Kempen: Kommentar zum Streit um eine Stellungnahme des SPD-Vorsitzenden

Meinung : Kiwitz-Aussagen sind eine Überhöhung der AfD

Sieben Monate vor der Wahl werkelt ein Sozialdemokrat gedanklich an irgendwelchen Bündnissen eines „konservativen Blocks“ mit der AfD. Dabei ist doch noch gar nicht gesagt, ob es die Rechtspopulisten überhaupt in den Rat schaffen. Ein Kommentar.

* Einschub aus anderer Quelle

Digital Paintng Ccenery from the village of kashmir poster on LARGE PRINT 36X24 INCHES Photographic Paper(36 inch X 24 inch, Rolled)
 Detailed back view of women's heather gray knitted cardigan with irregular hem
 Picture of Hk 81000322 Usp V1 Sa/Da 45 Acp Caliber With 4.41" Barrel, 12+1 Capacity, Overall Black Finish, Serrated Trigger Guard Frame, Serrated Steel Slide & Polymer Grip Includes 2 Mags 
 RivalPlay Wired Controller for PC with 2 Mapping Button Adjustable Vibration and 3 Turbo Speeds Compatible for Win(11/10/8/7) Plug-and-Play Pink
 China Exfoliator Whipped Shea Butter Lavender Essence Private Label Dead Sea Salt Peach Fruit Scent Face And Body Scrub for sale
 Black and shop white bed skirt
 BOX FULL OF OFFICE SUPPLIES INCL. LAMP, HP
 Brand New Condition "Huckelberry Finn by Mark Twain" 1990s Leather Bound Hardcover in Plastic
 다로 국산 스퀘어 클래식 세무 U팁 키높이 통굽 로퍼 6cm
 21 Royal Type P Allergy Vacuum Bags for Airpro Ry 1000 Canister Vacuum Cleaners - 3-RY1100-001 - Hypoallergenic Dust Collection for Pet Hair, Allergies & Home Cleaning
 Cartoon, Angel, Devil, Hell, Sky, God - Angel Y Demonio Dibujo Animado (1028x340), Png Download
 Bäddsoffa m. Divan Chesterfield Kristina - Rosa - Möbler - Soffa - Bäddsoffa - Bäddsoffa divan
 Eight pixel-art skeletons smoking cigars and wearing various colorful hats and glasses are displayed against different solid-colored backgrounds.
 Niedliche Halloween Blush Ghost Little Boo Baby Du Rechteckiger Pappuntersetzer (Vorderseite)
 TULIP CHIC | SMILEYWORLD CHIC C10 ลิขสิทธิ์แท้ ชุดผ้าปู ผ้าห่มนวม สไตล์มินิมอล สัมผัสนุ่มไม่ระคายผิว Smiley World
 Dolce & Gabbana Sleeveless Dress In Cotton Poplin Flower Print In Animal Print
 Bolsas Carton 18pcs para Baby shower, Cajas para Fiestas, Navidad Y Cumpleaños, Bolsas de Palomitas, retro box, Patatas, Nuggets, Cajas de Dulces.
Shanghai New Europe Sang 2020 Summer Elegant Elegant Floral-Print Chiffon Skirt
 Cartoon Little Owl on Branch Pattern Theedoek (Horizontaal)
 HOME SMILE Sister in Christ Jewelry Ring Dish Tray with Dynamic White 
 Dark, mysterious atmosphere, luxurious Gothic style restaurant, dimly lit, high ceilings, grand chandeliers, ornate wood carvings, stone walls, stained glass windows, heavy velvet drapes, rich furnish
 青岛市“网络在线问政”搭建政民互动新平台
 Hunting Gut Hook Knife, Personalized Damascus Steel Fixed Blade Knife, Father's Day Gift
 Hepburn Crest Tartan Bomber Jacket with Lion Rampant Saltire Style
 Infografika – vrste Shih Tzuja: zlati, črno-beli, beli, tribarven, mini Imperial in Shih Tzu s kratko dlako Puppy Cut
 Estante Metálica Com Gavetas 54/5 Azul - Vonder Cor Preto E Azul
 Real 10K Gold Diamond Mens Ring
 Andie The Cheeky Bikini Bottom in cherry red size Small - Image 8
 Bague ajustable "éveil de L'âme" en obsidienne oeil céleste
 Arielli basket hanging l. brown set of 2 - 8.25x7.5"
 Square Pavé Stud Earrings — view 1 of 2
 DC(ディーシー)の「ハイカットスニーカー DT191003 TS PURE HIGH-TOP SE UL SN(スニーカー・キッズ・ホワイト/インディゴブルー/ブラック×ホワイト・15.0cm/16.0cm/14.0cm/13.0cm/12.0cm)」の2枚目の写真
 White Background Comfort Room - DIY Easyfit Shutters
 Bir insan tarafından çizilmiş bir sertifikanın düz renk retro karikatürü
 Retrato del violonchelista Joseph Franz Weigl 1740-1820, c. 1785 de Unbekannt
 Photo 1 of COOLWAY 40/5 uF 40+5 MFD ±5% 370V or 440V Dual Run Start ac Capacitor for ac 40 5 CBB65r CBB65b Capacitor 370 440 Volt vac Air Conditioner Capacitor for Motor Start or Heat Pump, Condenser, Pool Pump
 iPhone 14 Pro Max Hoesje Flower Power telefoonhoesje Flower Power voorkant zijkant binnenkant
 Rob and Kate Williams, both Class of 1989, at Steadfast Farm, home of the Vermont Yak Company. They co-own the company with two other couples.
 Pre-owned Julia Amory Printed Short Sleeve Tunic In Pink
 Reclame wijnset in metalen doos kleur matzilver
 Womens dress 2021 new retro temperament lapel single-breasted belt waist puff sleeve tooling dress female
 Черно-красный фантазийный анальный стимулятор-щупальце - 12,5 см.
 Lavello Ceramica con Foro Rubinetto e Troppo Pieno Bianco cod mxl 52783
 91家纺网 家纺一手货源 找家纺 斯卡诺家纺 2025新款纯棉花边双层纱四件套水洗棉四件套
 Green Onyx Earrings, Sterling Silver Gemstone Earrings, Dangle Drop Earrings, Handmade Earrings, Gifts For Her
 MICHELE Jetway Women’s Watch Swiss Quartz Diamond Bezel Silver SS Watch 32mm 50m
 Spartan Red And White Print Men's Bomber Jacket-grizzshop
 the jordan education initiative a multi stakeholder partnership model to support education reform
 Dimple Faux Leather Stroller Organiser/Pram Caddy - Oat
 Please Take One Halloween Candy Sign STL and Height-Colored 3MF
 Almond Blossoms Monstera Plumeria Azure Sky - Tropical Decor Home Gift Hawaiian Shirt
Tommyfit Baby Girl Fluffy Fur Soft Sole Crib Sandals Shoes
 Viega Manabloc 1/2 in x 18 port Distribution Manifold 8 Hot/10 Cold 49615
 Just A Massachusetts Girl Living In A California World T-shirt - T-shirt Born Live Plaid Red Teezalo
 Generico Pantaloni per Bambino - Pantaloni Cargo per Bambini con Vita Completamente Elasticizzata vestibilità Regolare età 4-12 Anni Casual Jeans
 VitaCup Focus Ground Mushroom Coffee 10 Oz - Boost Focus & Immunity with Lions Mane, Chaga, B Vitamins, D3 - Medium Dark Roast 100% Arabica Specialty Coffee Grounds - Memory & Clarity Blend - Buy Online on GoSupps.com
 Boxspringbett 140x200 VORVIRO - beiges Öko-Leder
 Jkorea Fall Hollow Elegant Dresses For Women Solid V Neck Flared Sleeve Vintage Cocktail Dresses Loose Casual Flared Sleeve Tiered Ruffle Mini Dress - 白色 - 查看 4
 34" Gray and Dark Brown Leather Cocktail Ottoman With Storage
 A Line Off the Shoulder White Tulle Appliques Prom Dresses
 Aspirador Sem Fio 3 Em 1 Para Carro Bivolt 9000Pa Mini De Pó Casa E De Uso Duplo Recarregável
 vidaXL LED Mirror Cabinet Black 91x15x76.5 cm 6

Der „Tabubruch von Thüringen“, in dem CDU, FDP und AfD die schäbigen Hauptrollen spielen, muss von jedem Demokraten absolut verurteilt werden. Insofern kann man dem ersten Teil der Pressemitteilung von Stefan Kiwitz nur zustimmen. Mit seiner Konstruktion von Thüringer Verhältnissen in Richtung Kempen vergaloppiert sich Kiwitz aber deutlich – und das nicht zum ersten Mal. Zum einen wird dies den handelnden Personen von CDU und FDP vor Ort nicht gerecht. Zum anderen wird es im Kempener Rat keine Personenwahlen wie bei einem Ministerpräsidenten geben. Der Bürgermeister wird von den Bürgern direkt gewählt. Mögliche künftige Verfahren im Stadtrat, bei denen eine wie auch immer aussehende AfD-Fraktion für Anträge von CDU, FDP, Grünen, SPD oder sonst wem stimmen könnte, sind ein völlig anderes Paar Schuhe.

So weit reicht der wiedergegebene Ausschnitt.